### Task to carry out
Although the records include pictures, print only the rest, exactly as written.

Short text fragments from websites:
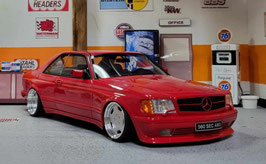 1/18 Mercedes Benz 560 SEC AMG W126 Coupe Wide Body rot Umbau Tuning
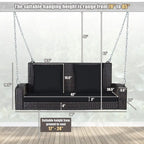 Balancelle suspendue en osier pour 2 personnes avec 2 coussins de dossier et 1 coussin d'assise - 50 x 22 x 20,5 (L x l x H)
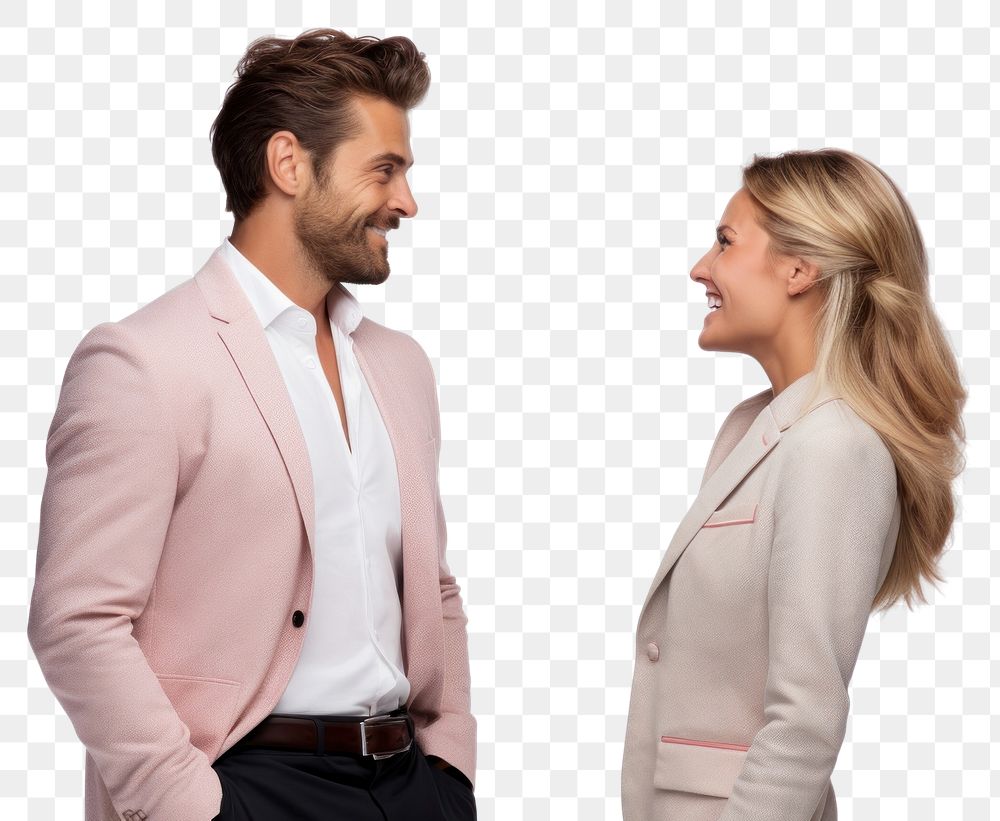 PNG Man talking to a woman adult white background togetherness.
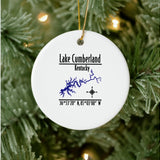 Lake Cumberland Kentucky Shoreline Map Coordinates Ceramic Ornament — designed by GeoGearCo and produced by Zazzle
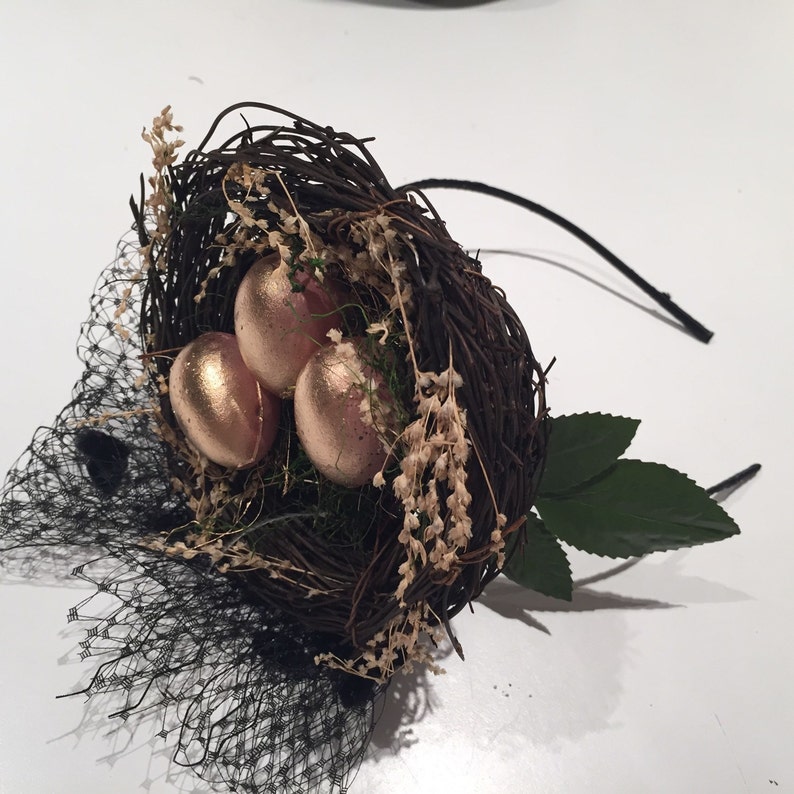 Gold Fascinator Bird Nest Headband Etsy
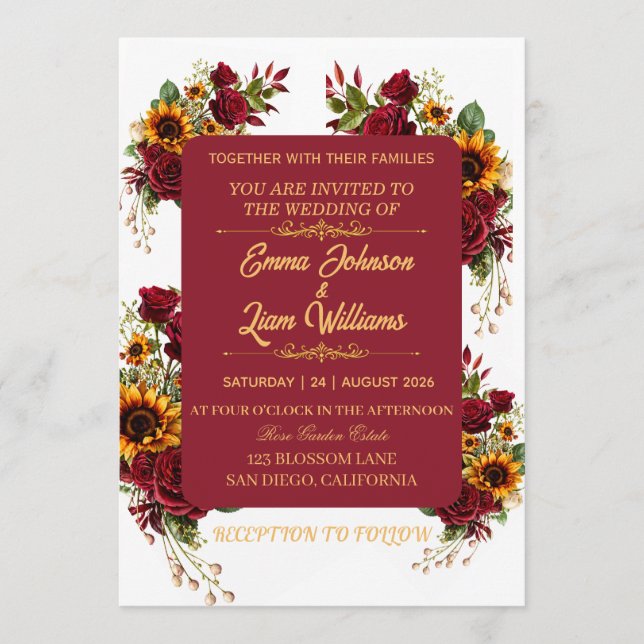 Convite de Casamento Floral Borgonha (Frente)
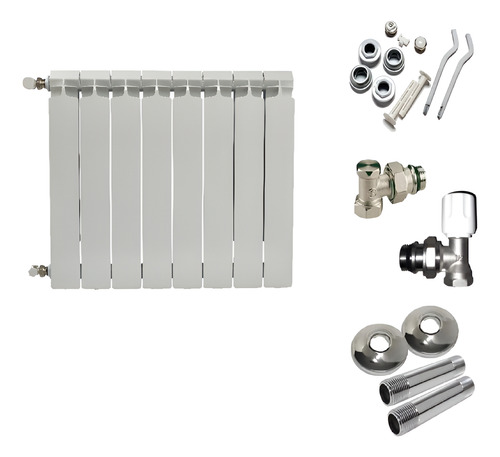 COMBO RADIADOR KANAH BIMETALICO 500 X 4 ELEMENTOS + KIT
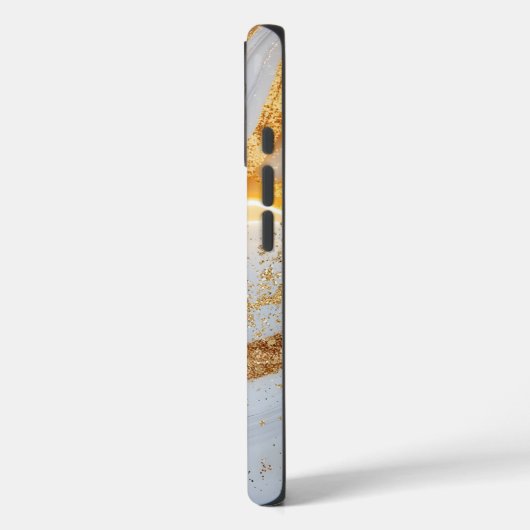 White marble chic gold glitter monogram Case-Mate iPhone case (Achterkant / Links)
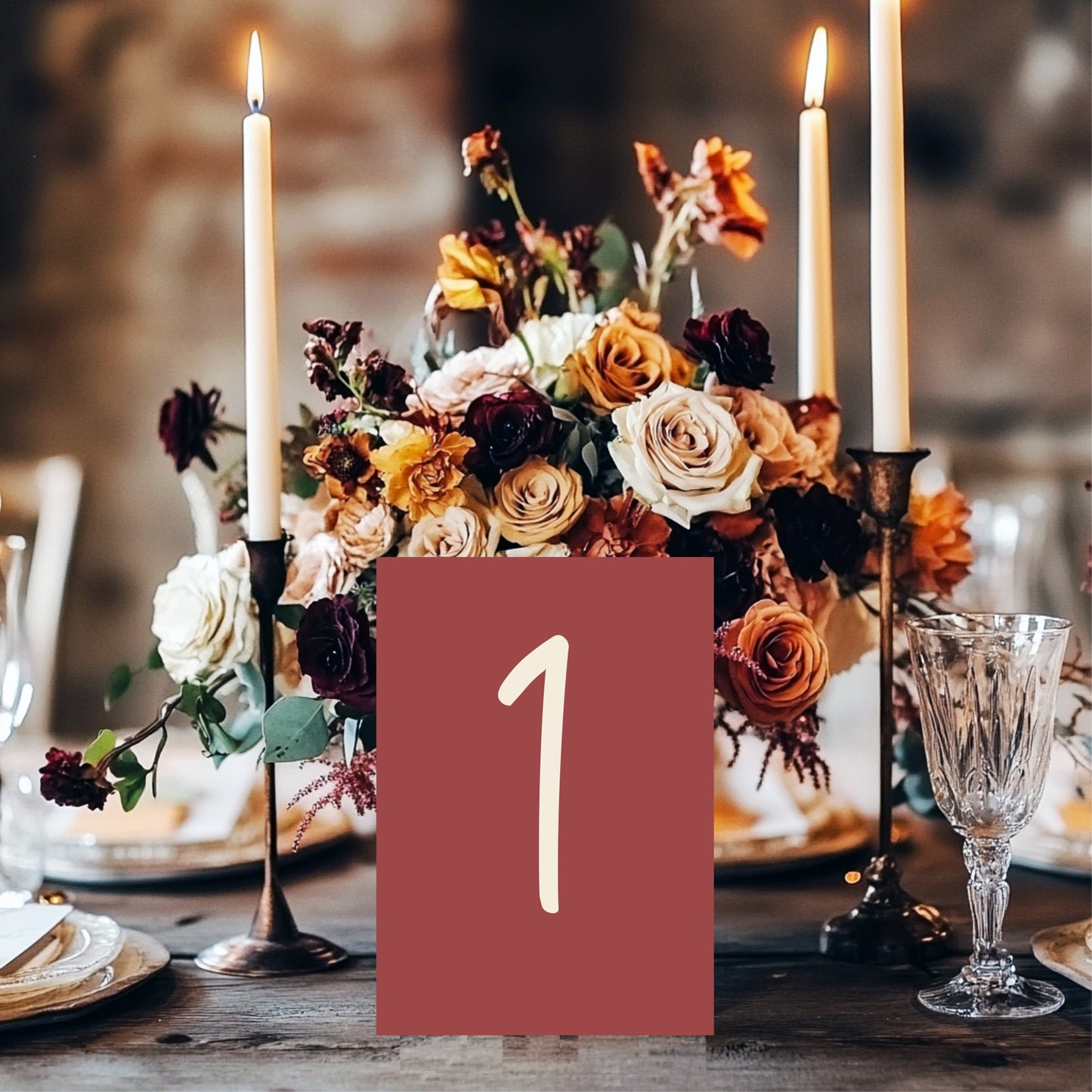 Rosewood Pack of Table Number Wedding Party Signs | A5
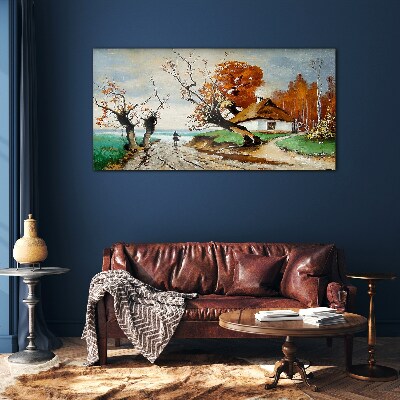 Foto op glas Herfstlandschap met een landhuis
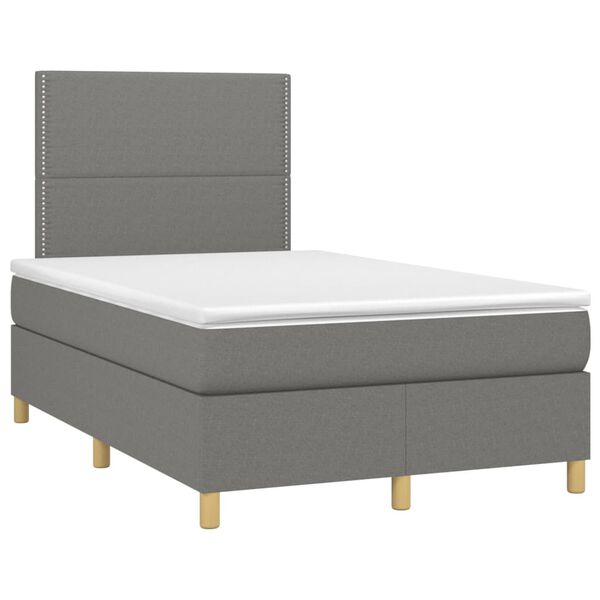 vidaXL &Kappa;&rho;&epsilon;&beta;ά&tau;&iota; Boxspring &mu;&epsilon; &Sigma;&tau;&rho;ώ&mu;&alpha; & LED &Sigma;&kappa;.&Gamma;&kappa;&rho;&iota; 120x200 &epsilon;&kappa; &Upsilon;&phi;&alpha;&sigma;&mu;ά&tau;&iota;&nu;&omicron;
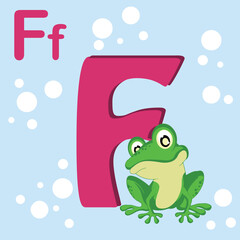 alphabet letter F, F for Frog ,ABC TO Z ,Colorful animal alphabet letter F with a cute frog.
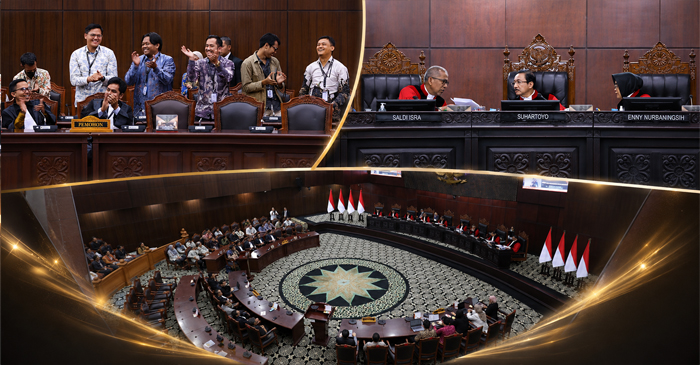 Suasana sidang Pengucapan Putusan Pengujian Undang-Undang tentang pemisahan Anggaran Makan Bergizi Gratis (MBG), di Ruang Sidang MK, Kamis (30/7/2026).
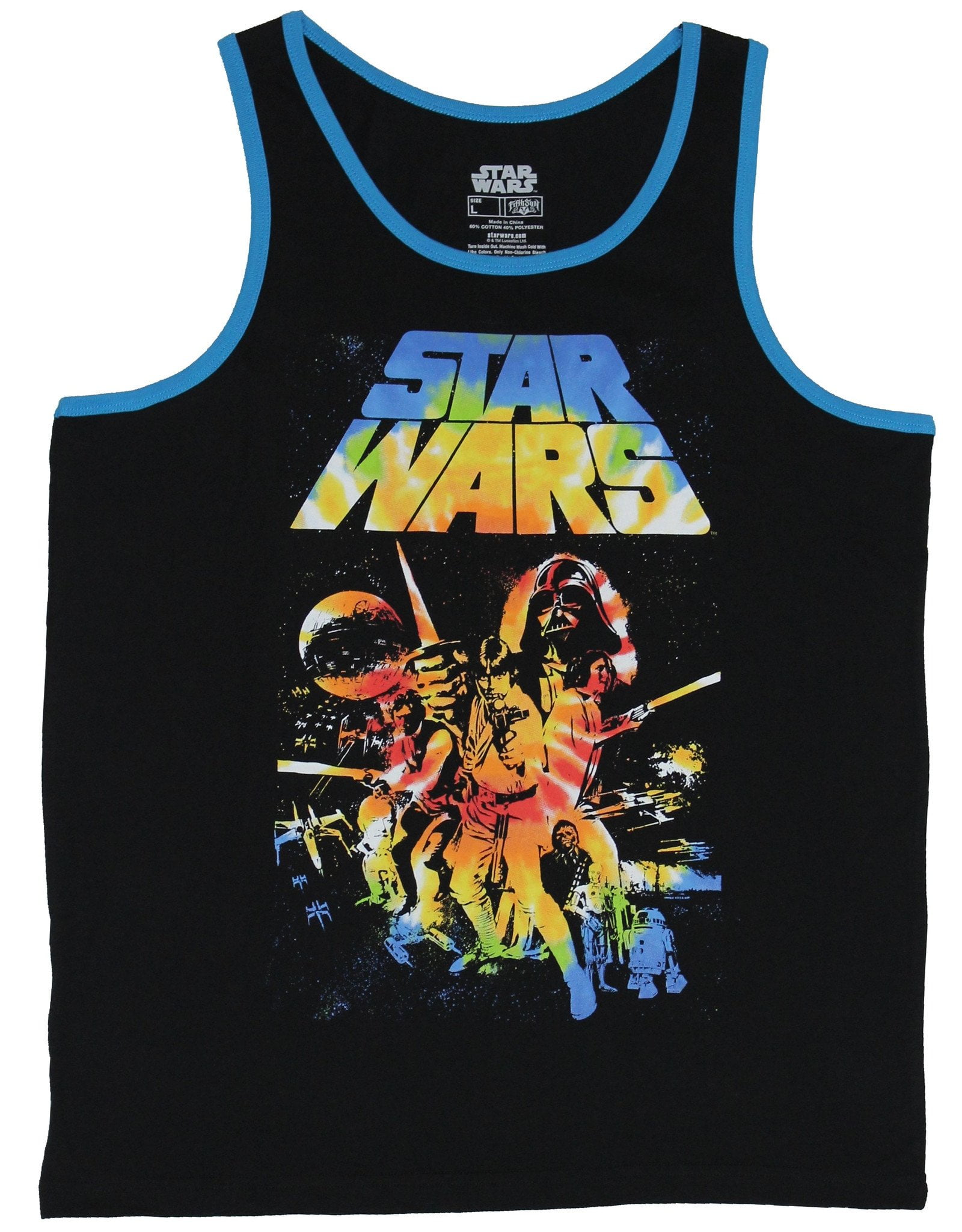 fusie Wijde selectie gisteren Star Wars Mens Tank Top - Rainbow Colored New Hope Movie Poster Image  (Small) - Walmart.com
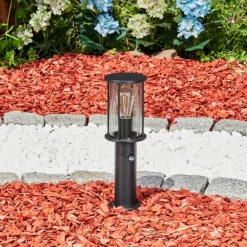 Borne lumineuse Sumalao Noir, 1 lumière, Détecteur de mouvement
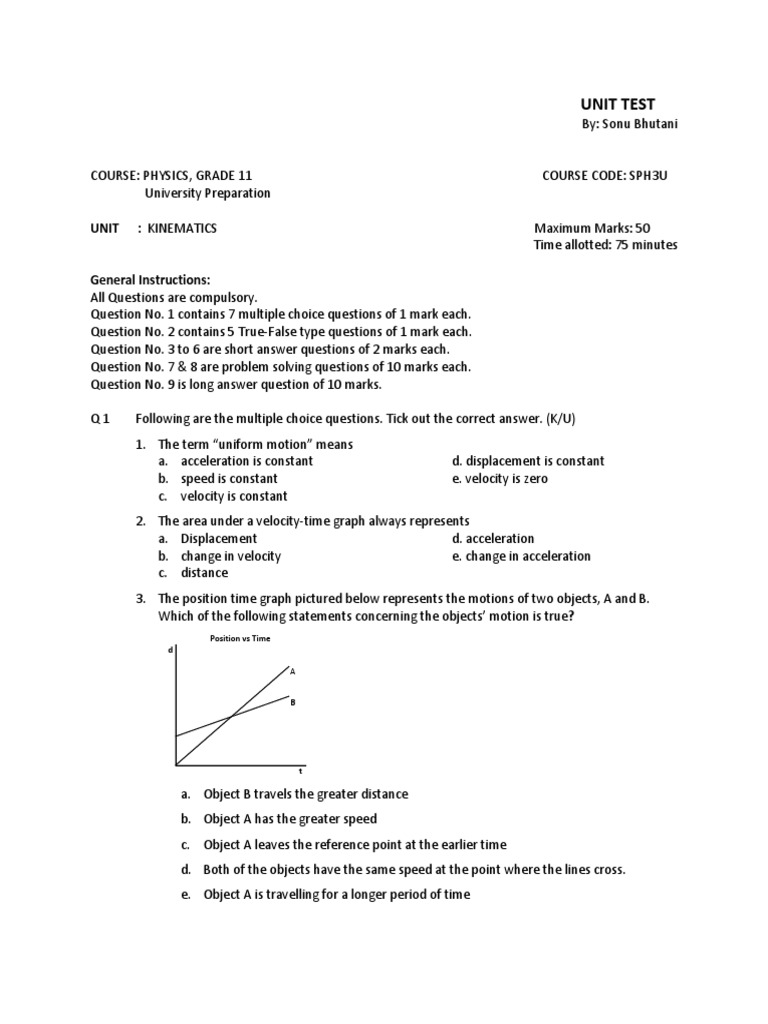 Kinematics Test W Solutions | PDF | Acceleration | Velocity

### Response area
 1/18 Mercedes Benz 560 SEC AMG W126 Coupe Wide Body rot Umbau Tuning
 Balancelle suspendue en osier pour 2 personnes avec 2 coussins de dossier et 1 coussin d'assise - 50 x 22 x 20,5 (L x l x H)
 PNG Man talking to a woman adult white background togetherness.
 Lake Cumberland Kentucky Shoreline Map Coordinates Ceramic Ornament — designed by GeoGearCo and produced by Zazzle
 Gold Fascinator Bird Nest Headband Etsy
 Convite de Casamento Floral Borgonha (Frente)
 COMBO RADIADOR KANAH BIMETALICO 500 X 4 ELEMENTOS + KIT
 White marble chic gold glitter monogram Case-Mate iPhone case (Achterkant / Links)
 Rosewood Pack of Table Number Wedding Party Signs | A5
 Foto op glas Herfstlandschap met een landhuis
 vidaXL &Kappa;&rho;&epsilon;&beta;ά&tau;&iota; Boxspring &mu;&epsilon; &Sigma;&tau;&rho;ώ&mu;&alpha; & LED &Sigma;&kappa;.&Gamma;&kappa;&rho;&iota; 120x200 &epsilon;&kappa; &Upsilon;&phi;&alpha;&sigma;&mu;ά&tau;&iota;&nu;&omicron;
 alphabet letter F, F for Frog ,ABC TO Z ,Colorful animal alphabet letter F with a cute frog.
 Suasana sidang Pengucapan Putusan Pengujian Undang-Undang tentang pemisahan Anggaran Makan Bergizi Gratis (MBG), di Ruang Sidang MK, Kamis (30/7/2026).
 fusie Wijde selectie gisteren Star Wars Mens Tank Top - Rainbow Colored New Hope Movie Poster Image  (Small) - Walmart.com
 Borne lumineuse Sumalao Noir, 1 lumière, Détecteur de mouvement
 Kinematics Test W Solutions | PDF | Acceleration | Velocity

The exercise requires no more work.